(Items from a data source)
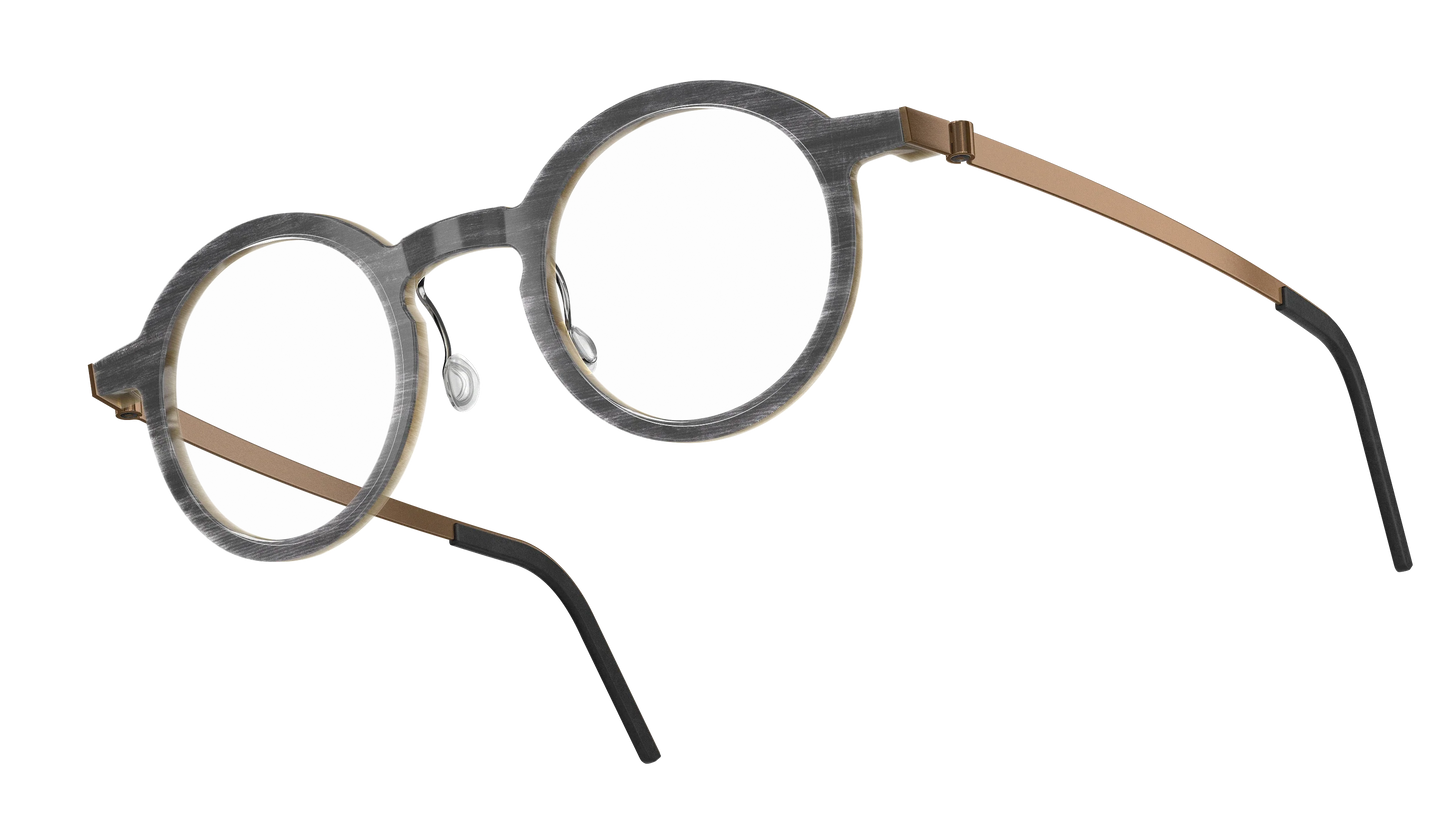 Lindberg Wood and Buffalo Titanium 1855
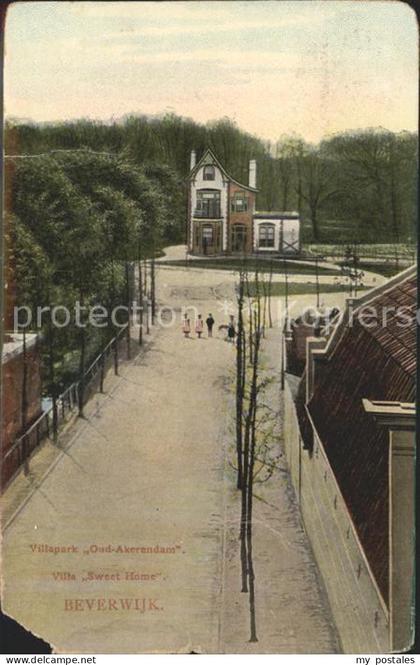 Beverwijk Villapark Oud Akerendam Villa Sweet Home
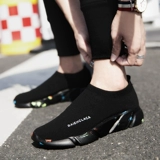 Весенняя спортивная обувь, носки, удобная обувь для влюбленных, трендовая спортивная повседневная обувь для отдыха, тонкие туфли, в корейском стиле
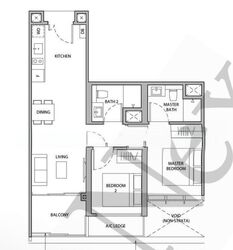 Dairy Farm Residences (D23), Apartment #524367801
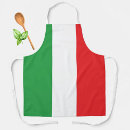 Suche nach italienische flagge schürzen Für alle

### [Exercise requirements]
Quote the records above in full, dropping each picture.

### [Your response]
 Lindberg Wood and Buffalo Titanium 1855
 Beverwijk Villapark Oud Akerendam Villa Sweet Home
 Весенняя спортивная обувь, носки, удобная обувь для влюбленных, трендовая спортивная повседневная обувь для отдыха, тонкие туфли, в корейском стиле
 Dairy Farm Residences (D23), Apartment #524367801
 Suche nach italienische flagge schürzen Für alle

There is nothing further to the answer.